三角比を学ぶと、0°や90°、180°、360°のような直角三角形では作れない角度が登場します。通常の三角比では30°や45°などの角度を扱うため、なぜ90°を超えた角度でもsinやcosが決まるのか疑問に感じる人も多いでしょう。

これらの角度は、三角比を直角三角形だけではなく、座標平面上の円を使って考えることで理解できます。この記事では、0°・90°・180°・360°でのsin、cos、tanの値がなぜそのようになるのかを分かりやすく解説します。

三角比は直角三角形から単位円へ広げて考える

高校数学で最初に学ぶ三角比は、直角三角形を利用して定義されます。例えば、sinθは「斜辺に対する高さの割合」、cosθは「斜辺に対する底辺の割合」、tanθは「底辺に対する高さの割合」として考えます。

しかし、90°や180°のような角度では直角三角形を作ることができません。そのため、三角比をより広い範囲で使うために、単位円という考え方を利用します。

単位円とは、中心が原点で半径が1の円のことです。この円上の点の座標を使うことで、どんな角度でもsinやcosを表せるようになります。

0°の三角比は円の右端から考える

角度0°では、円の中心から右方向へ線を伸ばした位置を考えます。このとき、円周上の点の座標は(1,0)になります。

単位円では、点のx座標がcosθ、y座標がsinθを表します。そのため、0°ではcos0°=1、sin0°=0となります。

tanθはsinθ÷cosθで求めるため、tan0°は0÷1=0となります。

角度 sin cos tan
0 1 0

90°では高さが最大になる

90°では、円の一番上の点を見ることになります。この点の座標は(0,1)です。

x座標がcosθ、y座標がsinθなので、cos90°=0、sin90°=1になります。

つまり90°では横方向の長さがなくなり、縦方向の長さが最大になると考えると理解しやすくなります。

角度 sin cos tan
90° 1 0 定義できない

tan90°が存在しない理由は、tanθ=sinθ÷cosθなので、1÷0という計算になってしまうためです。数学では0で割ることはできません。

180°では円の左端になる

180°では、0°の位置から半円分回転した場所を考えます。このとき円周上の点は(-1,0)になります。

したがってcos180°はx座標なので-1、sin180°はy座標なので0になります。

tan180°は0÷(-1)なので0です。180°では横方向が反対向きになるため、cosの符号がマイナスになることがポイントです。

角度 sin cos tan
180° 0 -1 0

360°では一周して元の位置に戻る

360°は円を一周した状態です。そのため、0°と同じ右端の点に戻ります。座標は(1,0)です。

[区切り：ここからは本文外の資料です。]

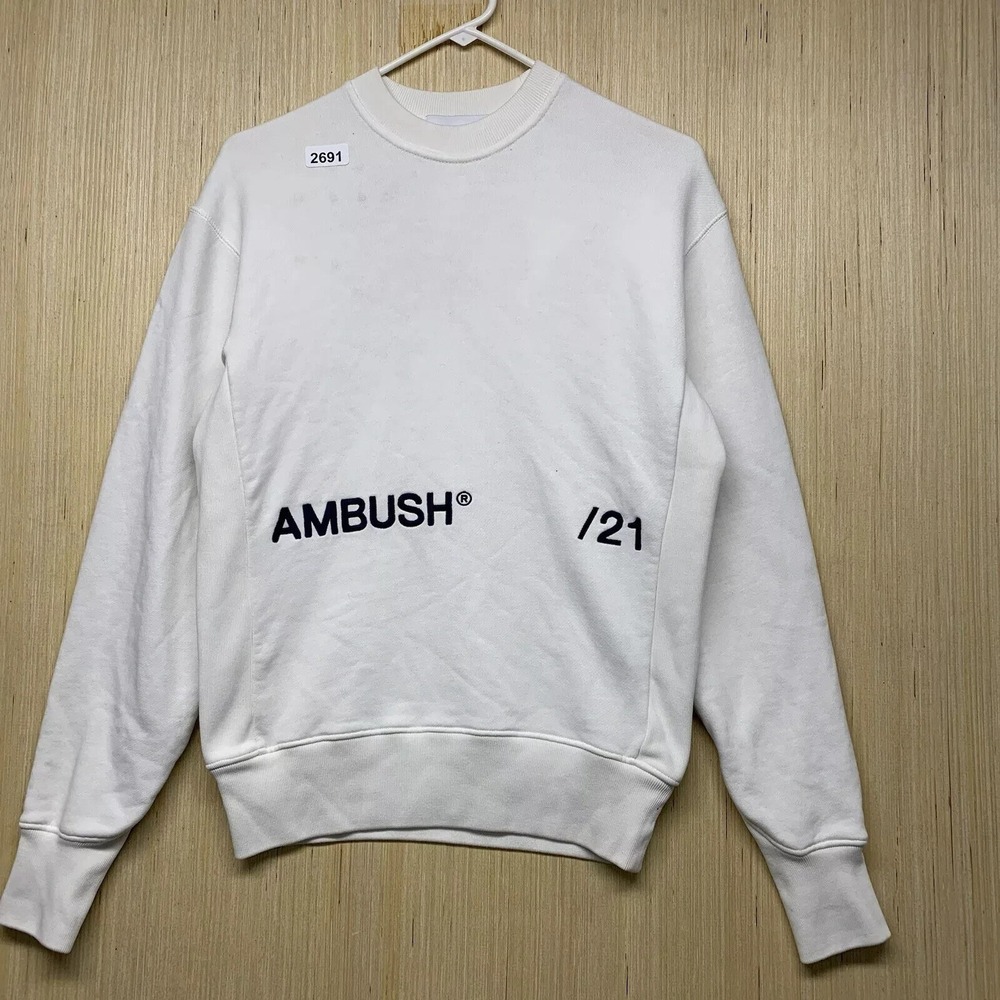 Ambush Sweater Adult XXS White Long Sleeve Men's Crewneck Designer Pullover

したがってsin360°=0、cos360°=1、tan360°=0になります。

角度が360°増えても円上の位置は同じになるため、三角比の値も周期的に繰り返されます。

角度 sin cos tan
360° 0 1 0

0°から360°までの三角比を覚えるコツ

0°、90°、180°、360°の値を覚えるときは、単純な暗記よりも円の動きをイメージすることが重要です。

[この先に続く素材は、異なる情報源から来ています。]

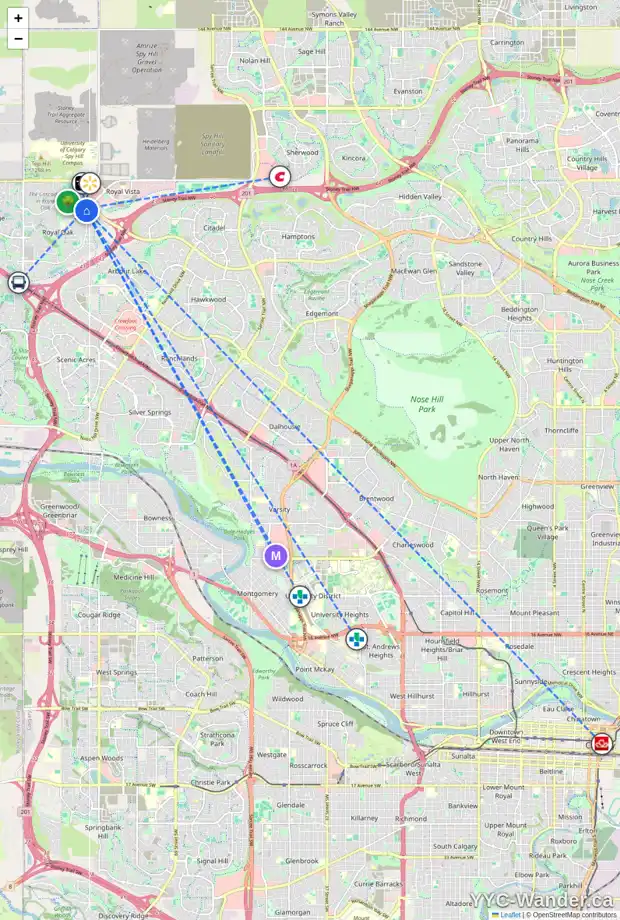Daily accessibility map for 6 ROYAL BIRCH MT NW, Calgary showing nearby schools, grocery stores, parks, LRT stations and nearby amenities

sinは縦方向の位置、cosは横方向の位置と考えると、角度が変化したときの値の変化が理解できます。

例えば、0°では右端なので横が最大、90°では上なので縦が最大、180°では左なので横がマイナス、360°では元に戻るという流れになります。

まとめ

三角比の0°、90°、180°、360°は、直角三角形だけで考えると分かりにくいですが、単位円を使えば自然に理解できます。

sinは円上の点の縦座標、cosは横座標を表しており、角度ごとの位置を考えることで値の理由が分かります。

三角比は公式を暗記するだけではなく、円の動きをイメージすることで応用問題にも対応できるようになります。